» **Task description**
Copy out the full data exactly as given; pictures should not be included.

Scraped caption text data:
===============

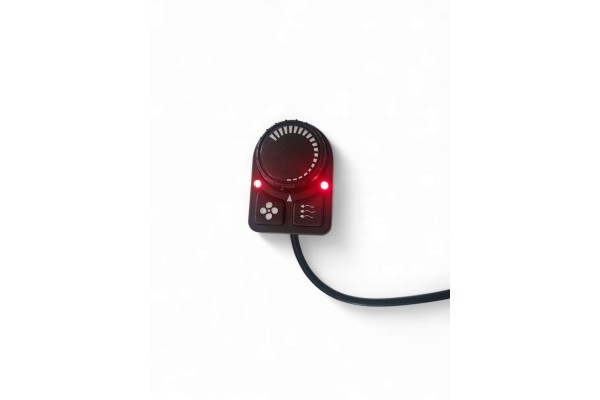 Calefactor estacionario Autoterm D2 Panel Control Comfort 12V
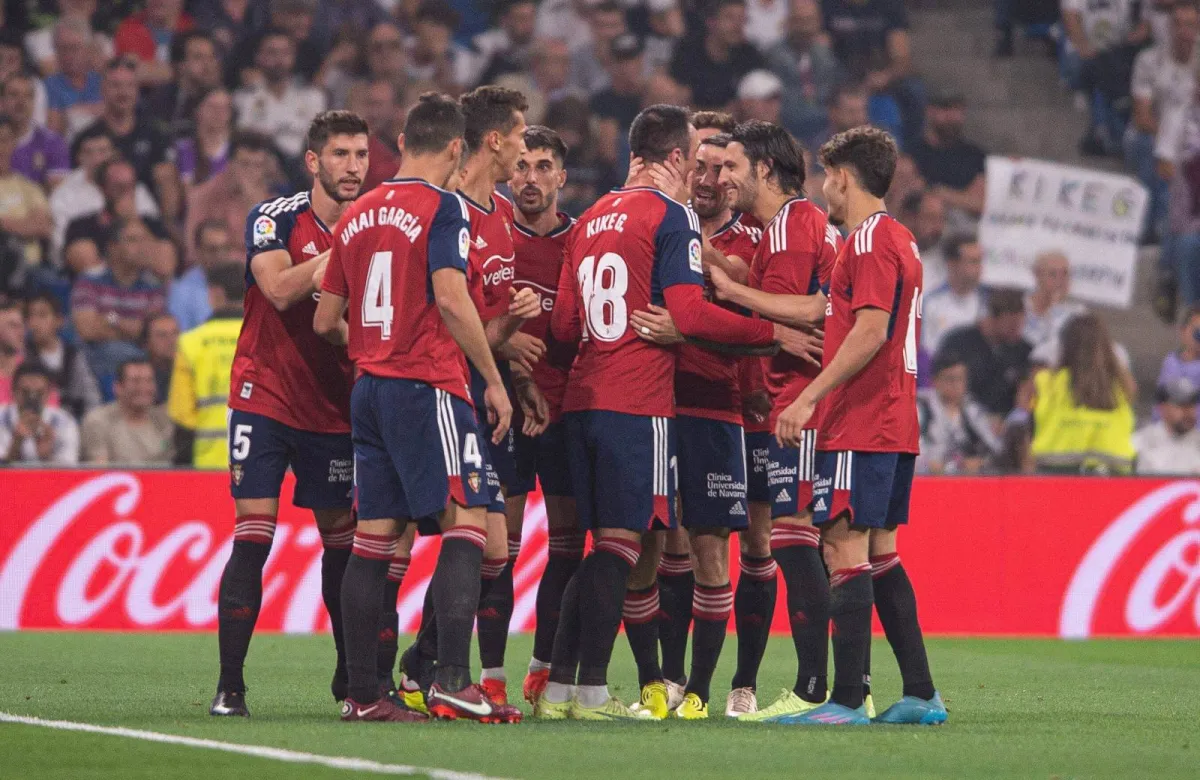 "Osasuna" Budimirning yagona goli evaziga "Jirona"ni mag'lub etdi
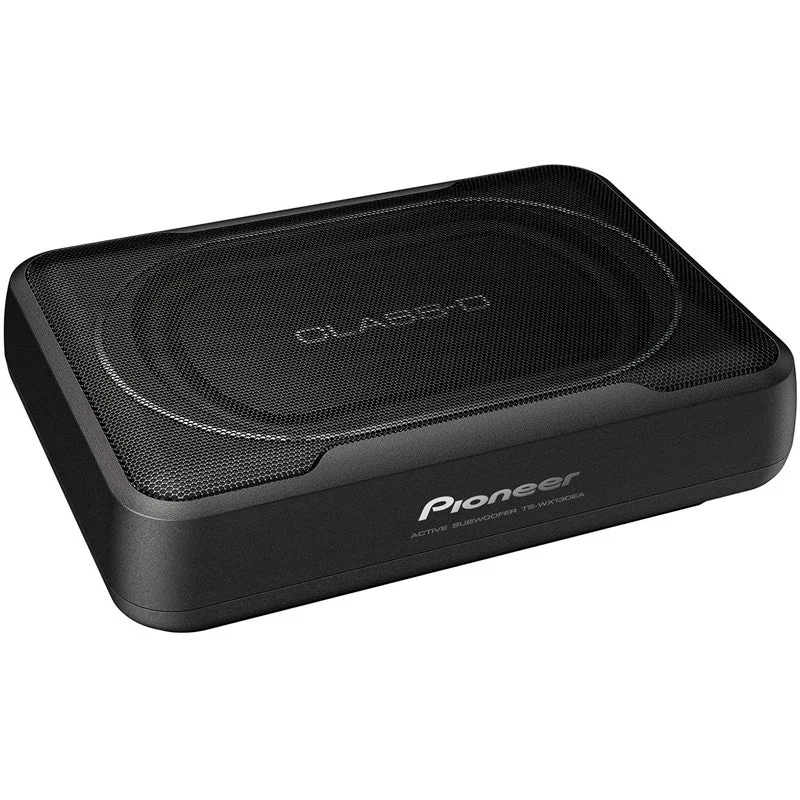 Pioneer, Aktiver Subwoofer, TS-WX130EA, 160W, kompaktes Design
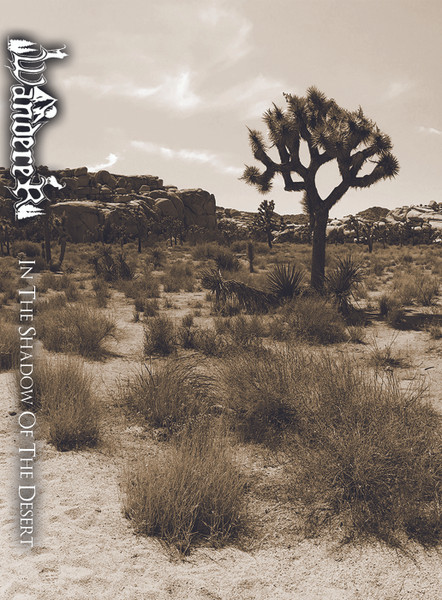 WANDERER In The Shadow Of The Desert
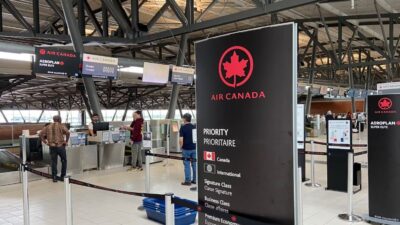 تفاصيل جديدة …طيار في Air Canada قاد مئات الرحلات دون رخصة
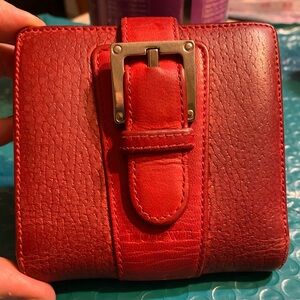 Rare Loewe bifold Wallet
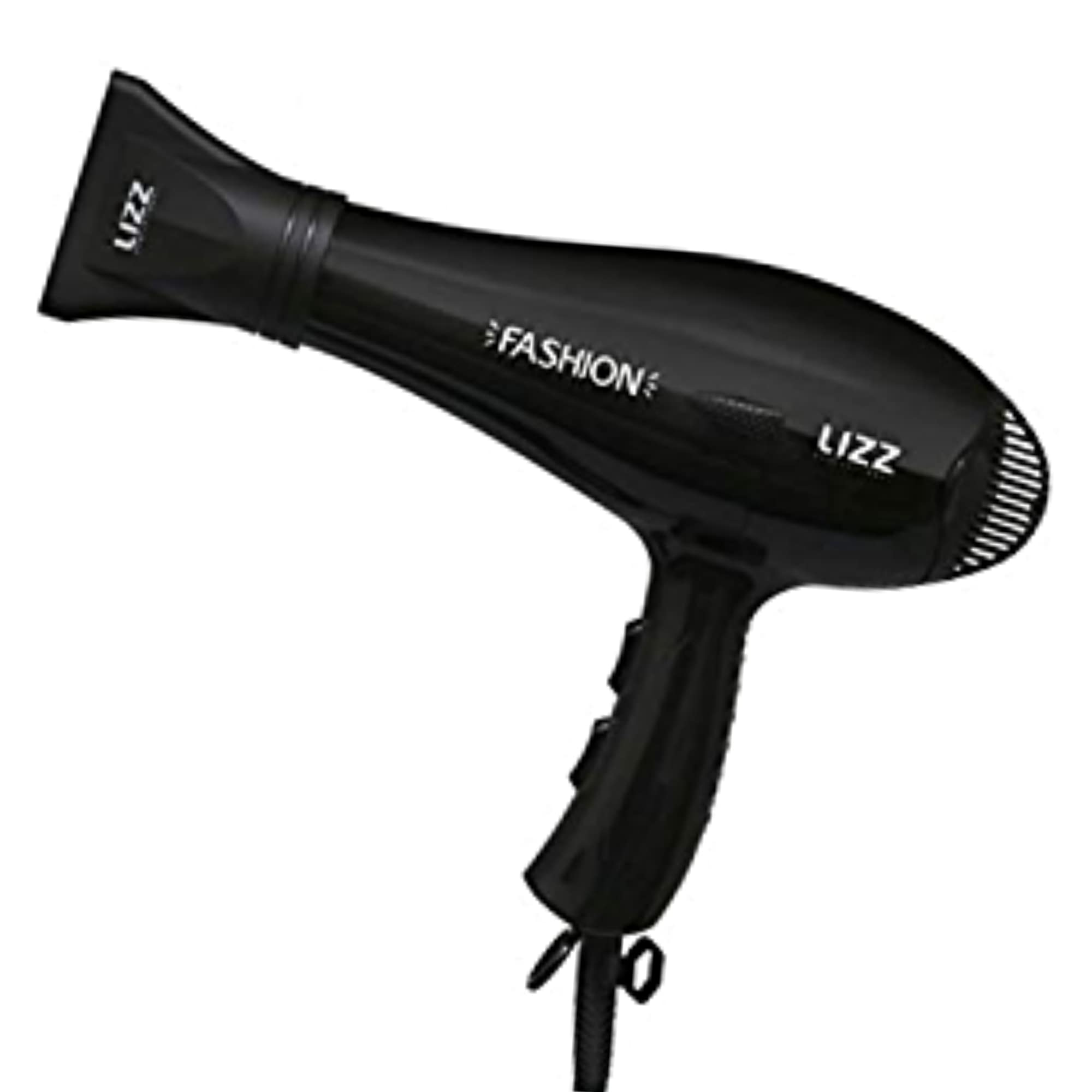 Lizz Professional Secador De Cabelo Secador De Cabelo Profissional Fashion Preto 2000W St4404A Peto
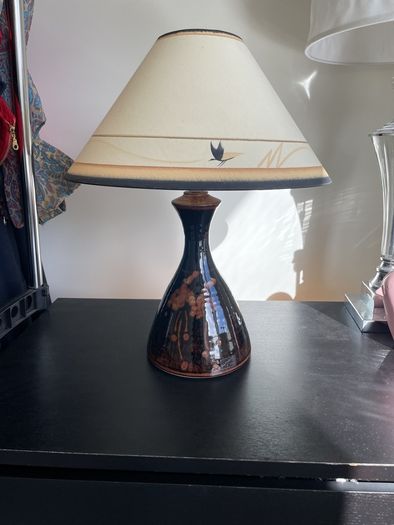 Louis Mulcahy lamp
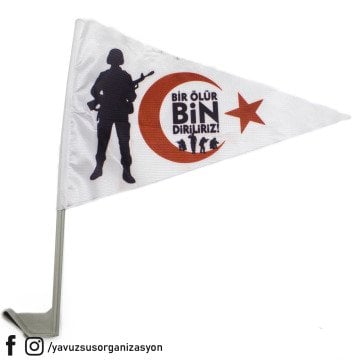 Konvoy Süsü ASKER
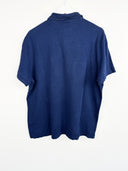 Polo Lacoste blu 00s (25p106) - XL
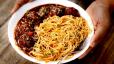 Veg Manchurian Noodle Combo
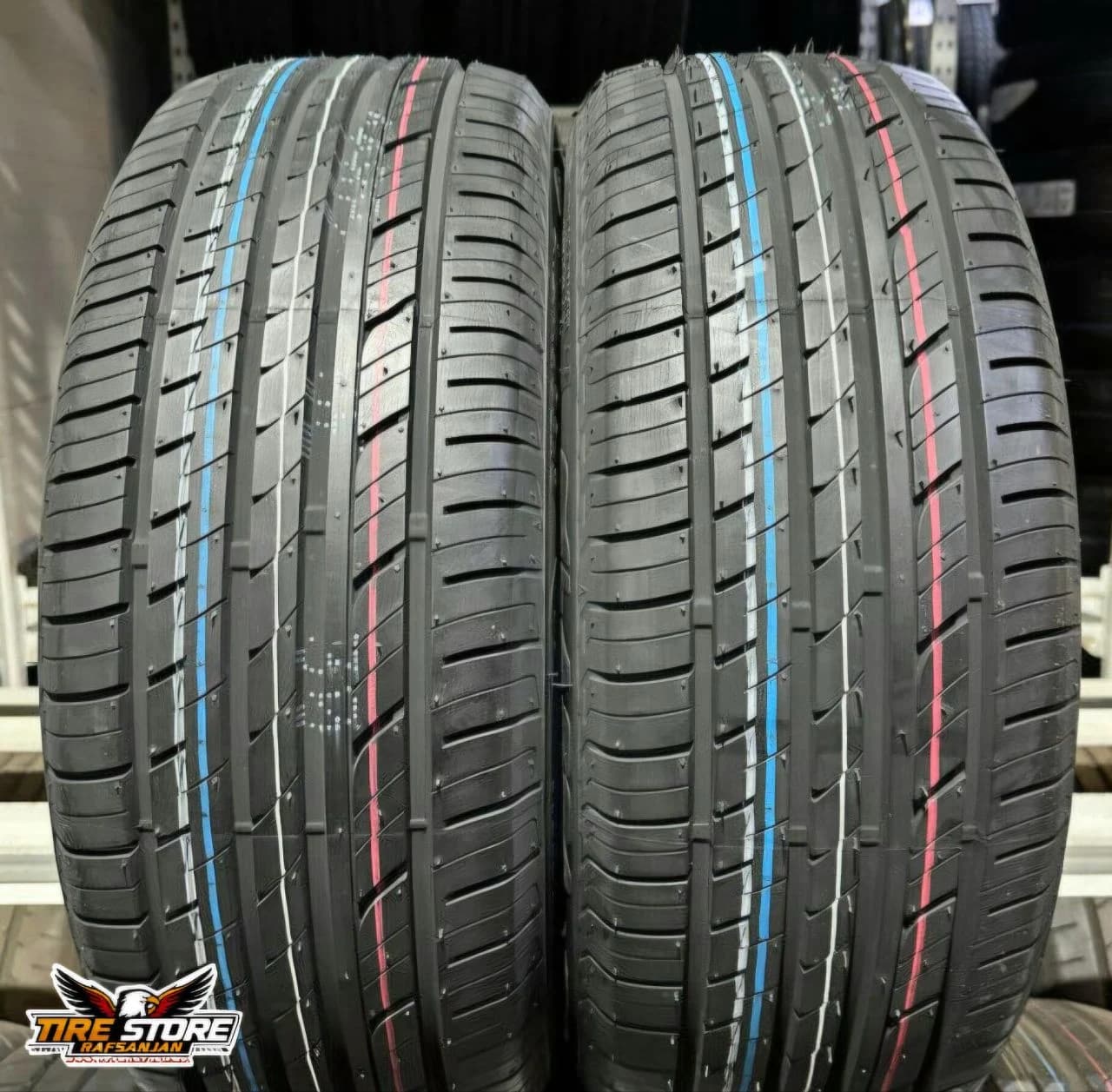 لاستیک لاسا ترکیه سایز 205/60R14 – قیمت 4 عدد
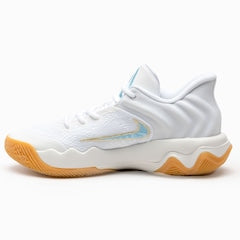 Tênis Nike Giannis Immortality 4 - Branco - Azul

===============

» **Response**
 Calefactor estacionario Autoterm D2 Panel Control Comfort 12V
 "Osasuna" Budimirning yagona goli evaziga "Jirona"ni mag'lub etdi
 Pioneer, Aktiver Subwoofer, TS-WX130EA, 160W, kompaktes Design
 WANDERER In The Shadow Of The Desert
 تفاصيل جديدة …طيار في Air Canada قاد مئات الرحلات دون رخصة
 Rare Loewe bifold Wallet
 Lizz Professional Secador De Cabelo Secador De Cabelo Profissional Fashion Preto 2000W St4404A Peto
 Louis Mulcahy lamp
 Konvoy Süsü ASKER
 Polo Lacoste blu 00s (25p106) - XL
 Veg Manchurian Noodle Combo
 لاستیک لاسا ترکیه سایز 205/60R14 – قیمت 4 عدد
 Tênis Nike Giannis Immortality 4 - Branco - Azul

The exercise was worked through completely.